本国の設計データを基に、昔からマイコンを作っていた人や回路設計ができるメンバーと一緒になって、日本のならではの出力精度が高いものを目指しました。
機体設計は僕が担当しましたが、制御基板はRepRap Community Japanのメンバーが担当していて、その他にも回路部分やソフトウェアも含め純日本産の3Dプリンタです。

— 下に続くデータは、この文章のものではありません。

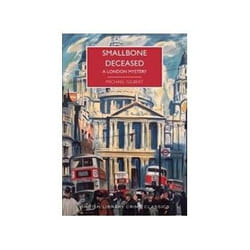 ISBN Smallbone Deceased: A London Mystery book Crime fiction English Paperback 288 pages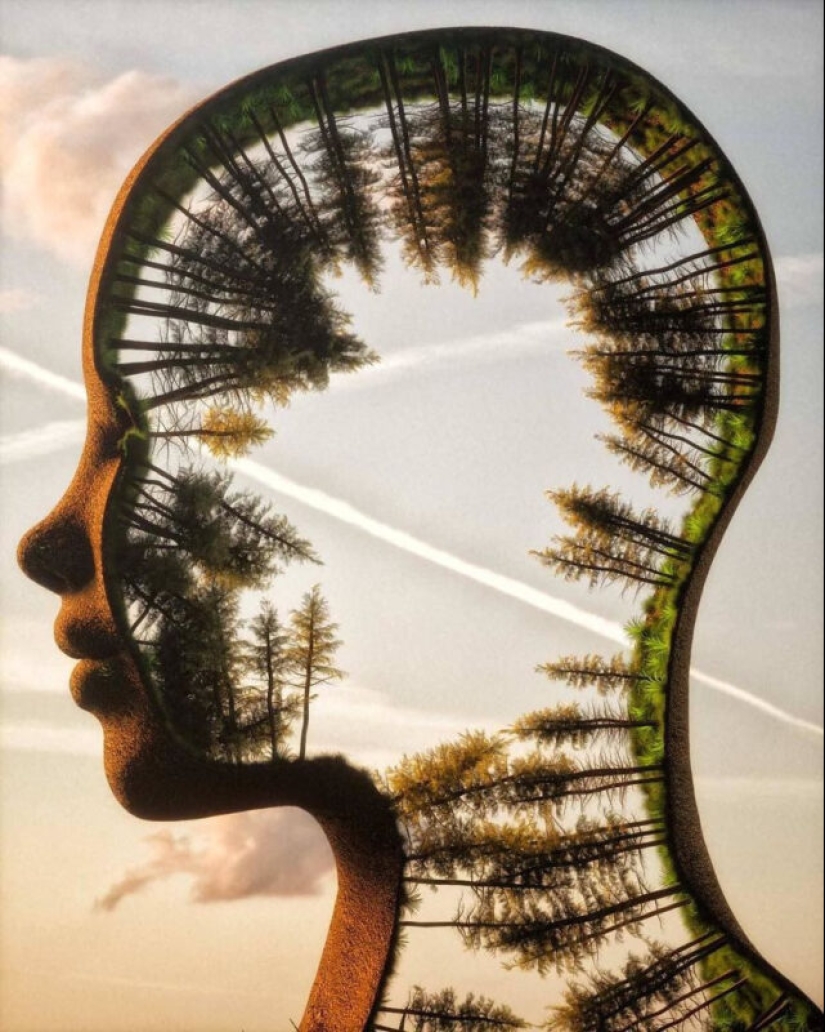 ¿Y si el artista integrar la naturaleza, la humana y la realidad digital ¿Y si el artista integrar la naturaleza, la humana y la realidad digital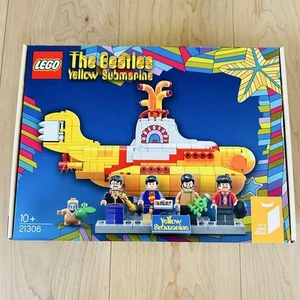 LEGO 21306 The Beatles Yellow Submarine Set New Sealed Retired Ideas Japan - Picture 1 of 6
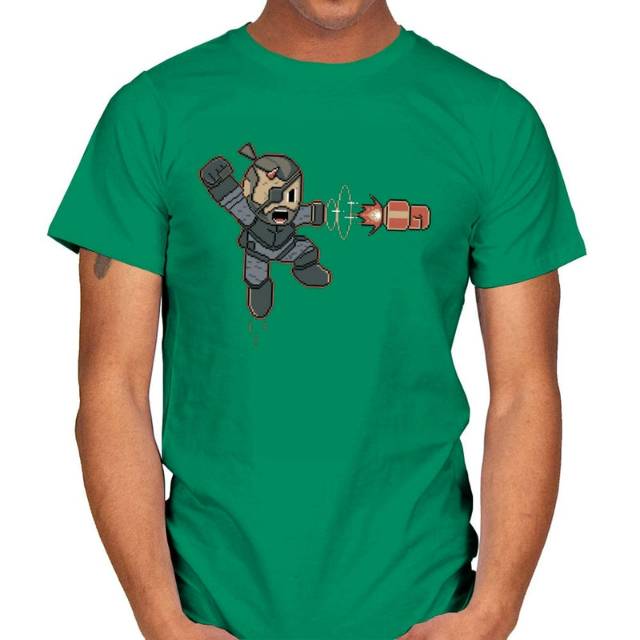 ROCKET PUNCH X - Solid Snake T-Shirt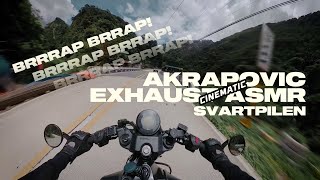 Baguio Kennon Road Ascent Full Video Akrapovic Exhaust ASMR REAL AUDIO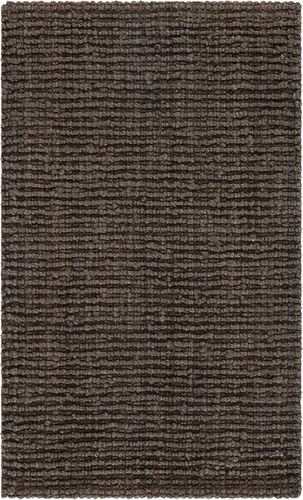 Miniatura 53 de SAFAVIEH Alfombra 9x12 - Colección de fibra natural - Grande - Marrón, Yute hecho a mano, estilo granja, textura gruesa de pelo grueso (NF447D)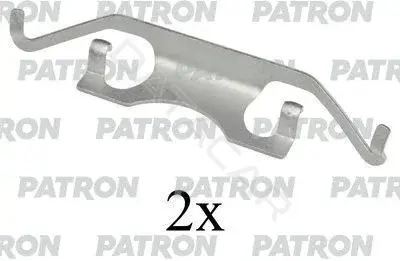 Ремкомплект тормозных колодок PATRON PSRK1039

メンバーにソフトに強い人、ソフトもハードも強い人、ハードに強い人がいて、それがうまく噛み合って、思っていたよりも早く完成しました」
——オープンソースハードウェアということは、今も改良が続いているわけですか?
「atomの場合はベータ版の次のRC版という形に進んで、折り畳みができるように改良された方もいますし、facebookやmixi、Twitter等サービスを使って今もやりとりしながらatomやその他の3Dプリンタの開発を続けています」
日本人は潜在的に何でも作れる能力がある
——昨年あたりから日本でも3Dプリンタというキーワードがマスメディアでも取り上げられるようになりましたが、アメリカで盛り上がり始めた頃から3Dプリンタに触れていた加藤さんにとって、日本の今の状況はいかがですか。
「今、日本で話題になっている3Dプリンタは個人向けのものだと思いますが、1984年に発明された法人向けの製品と違い、個人向けの3Dプリンタは2005年に立ち上がったRepRapに世界各国のさまざまな人たちが参加して発展してきました。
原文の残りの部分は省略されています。